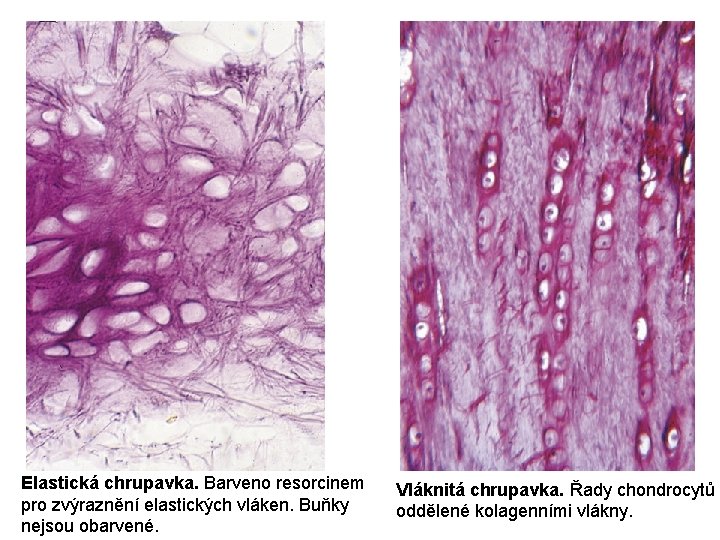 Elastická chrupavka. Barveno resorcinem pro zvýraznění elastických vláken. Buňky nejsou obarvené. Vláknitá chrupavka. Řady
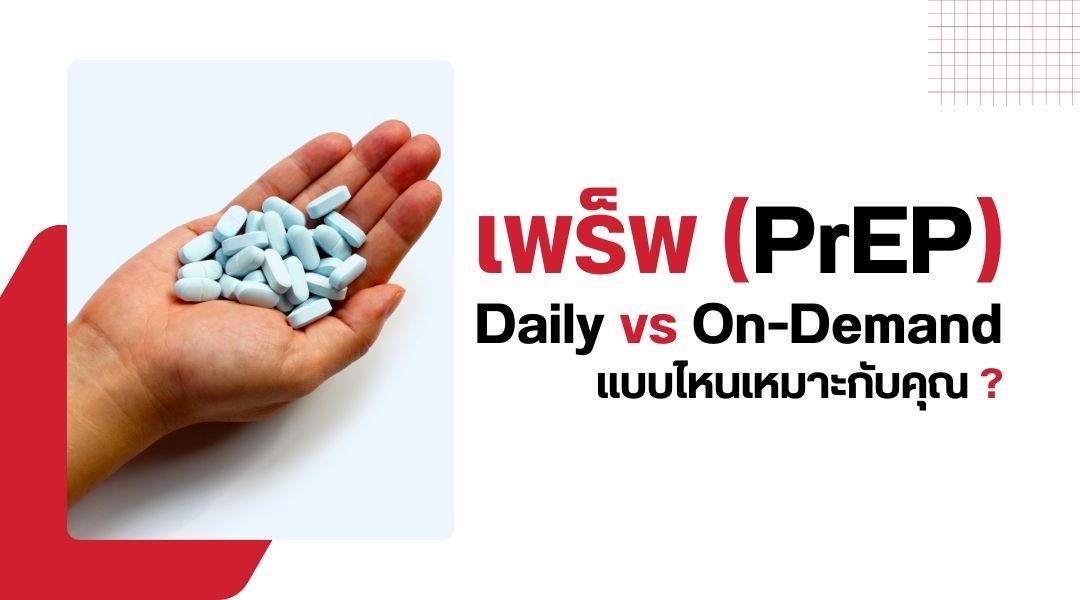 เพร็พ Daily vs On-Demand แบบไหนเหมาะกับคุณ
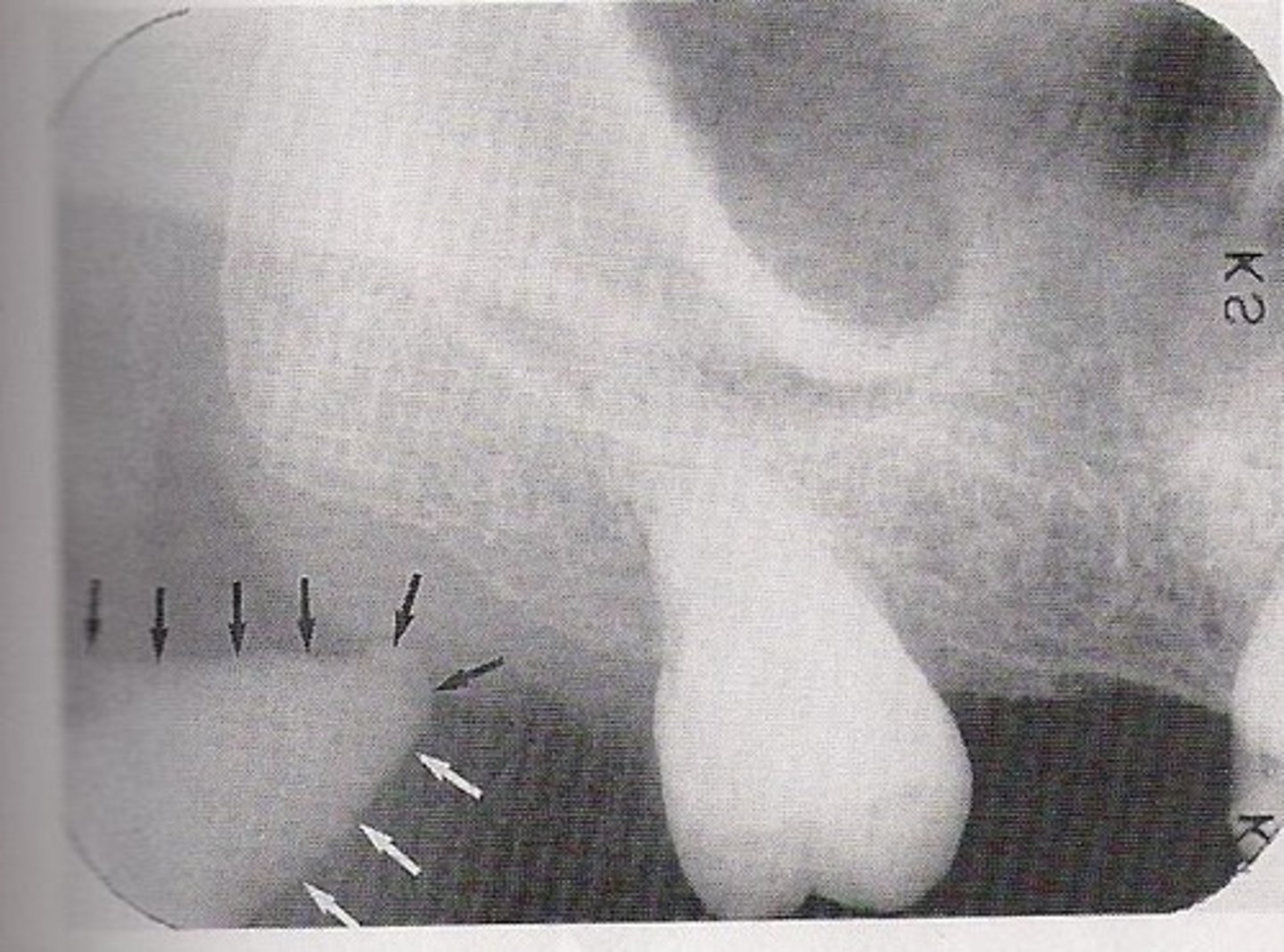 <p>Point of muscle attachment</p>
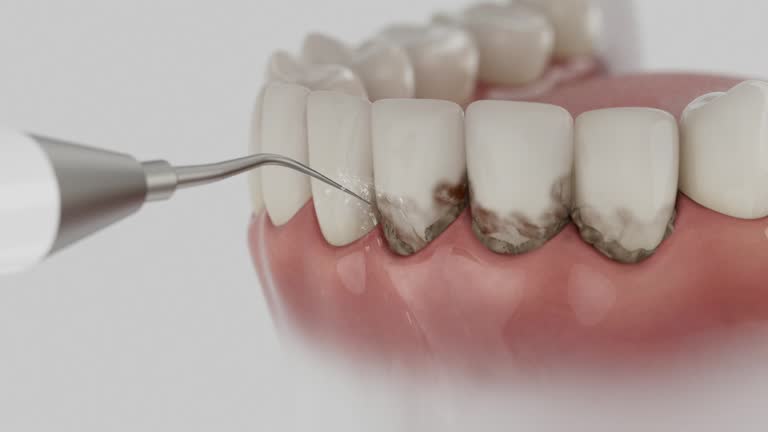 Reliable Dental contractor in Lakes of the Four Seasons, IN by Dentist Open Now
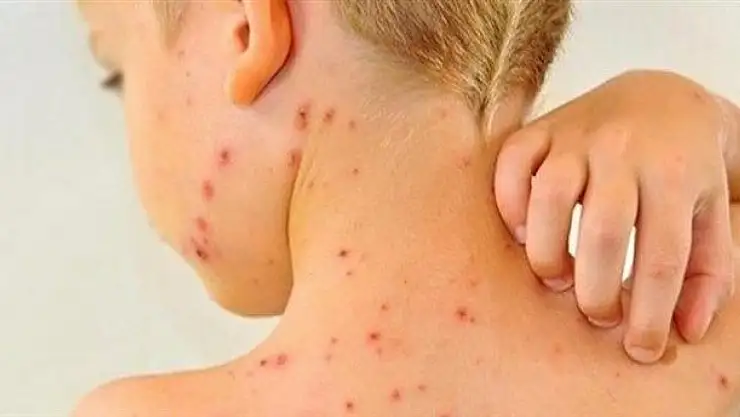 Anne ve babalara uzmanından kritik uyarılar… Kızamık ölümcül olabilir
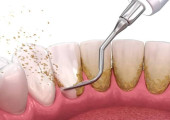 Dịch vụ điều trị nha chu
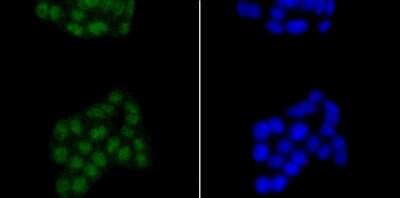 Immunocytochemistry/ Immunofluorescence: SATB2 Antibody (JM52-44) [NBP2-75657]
+--
Output exactly and only the lines from the line containing "Dịch vụ điều trị nha chu" to the end of the entries, both included, and omit every picture.

 Dịch vụ điều trị nha chu
 Immunocytochemistry/ Immunofluorescence: SATB2 Antibody (JM52-44) [NBP2-75657]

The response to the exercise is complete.